Фотография лежала на земле среди стоптанных ботинок, перелицованного пиджака и десятка грампластинок.
— Не знаю, — соврал он. — Не мое это…
— Не твое, — согласился я. — Теперь тебе это не по карману.
— Тебе-то по карману? — не понял меня он. — Бери — не за стольник отдаю.
Чего я от него добивался?
— Послушай, ну хрен с ними, со шмотками! Это же люди! Ну пропьешь ты через полчаса эту пятнашку, дальше-то что?..
Он бы давно послал меня, если бы не пятнадцать рублей — два стакана портвейна. У него была своя правда, и мне было не дано постичь ее, так же как ему мою.
— Тебе-то какая разница… — мрачно сплюнул он.
Действительно, какая разница, подумал я, если за те несколько минут, пока я стоял под дождем и вглядывался в чужие лица, они успели войти в мою жизнь и занять свое, будто специально отведенное для них место.

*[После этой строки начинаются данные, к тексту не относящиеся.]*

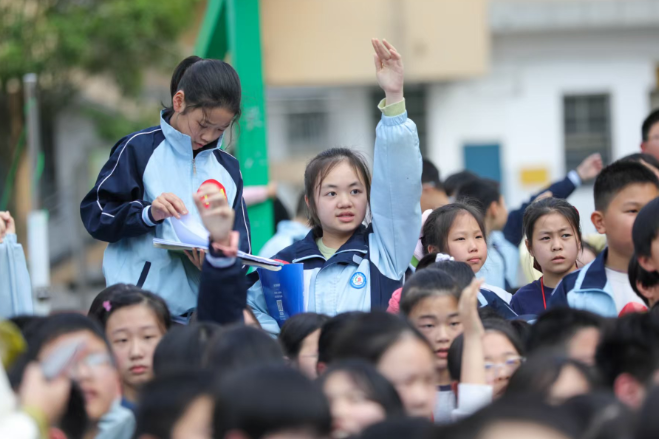 【衡阳县站】春晖小学：以“知识竞答”共赴“书香与智慧交融”的春日之约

Так и стоят на моем письменном столе, снятые в двадцать шестом году, мать, отец и мальчик трех лет с предсмертными глазами Пьеро.
Давно ушли и отец и мать. И мальчик с такими глазами вряд ли уцелел на войне. Но они живут в моей квартире, а живые не задерживаются…
Квартира на пересечении дорог — через нее проходят люди, не предъявляющие друг другу взаимных претензий. Звонят в дверь, произносят дежурные фразы, пьют кофе на журнальном столике и уходят, не оставляя следа…
Толстой мечтал бежать к духоборам и в конце жизни ушел из дома, чтобы умереть на далекой железнодорожной станции. Чем было продиктовано это стариковское, почти безумное стремление к одиночеству?
Неудовлетворенностью прожитой жизни? Страхом конца? Предчувствием истины?
Почему в свои сорок я неотступно думаю о том же? О незнакомых городах, стакане холодного чая в редакции заводской многотиражки, бренчании расстроенной гитары на слова и музыку местного автора…
Что мне в тех городах? Душевный покой, которого я не сумел обрести здесь? Служение литературе, не отягощенное праздностью, обустройством быта, шлейфом затянувшихся отношений?.. Возможность записать то, что, казалось, успеешь записать всегда?
Не знаю.
Знаю, что города останутся городами, а я останусь в своем многоэтажном колодце с видом на искусственный, затянутый бетонными берегами водоем и непроходящей тоской по жизни, которой, увы, не сбыться…
Где-то далеко, за пределами Московской кольцевой дом окнами в лес.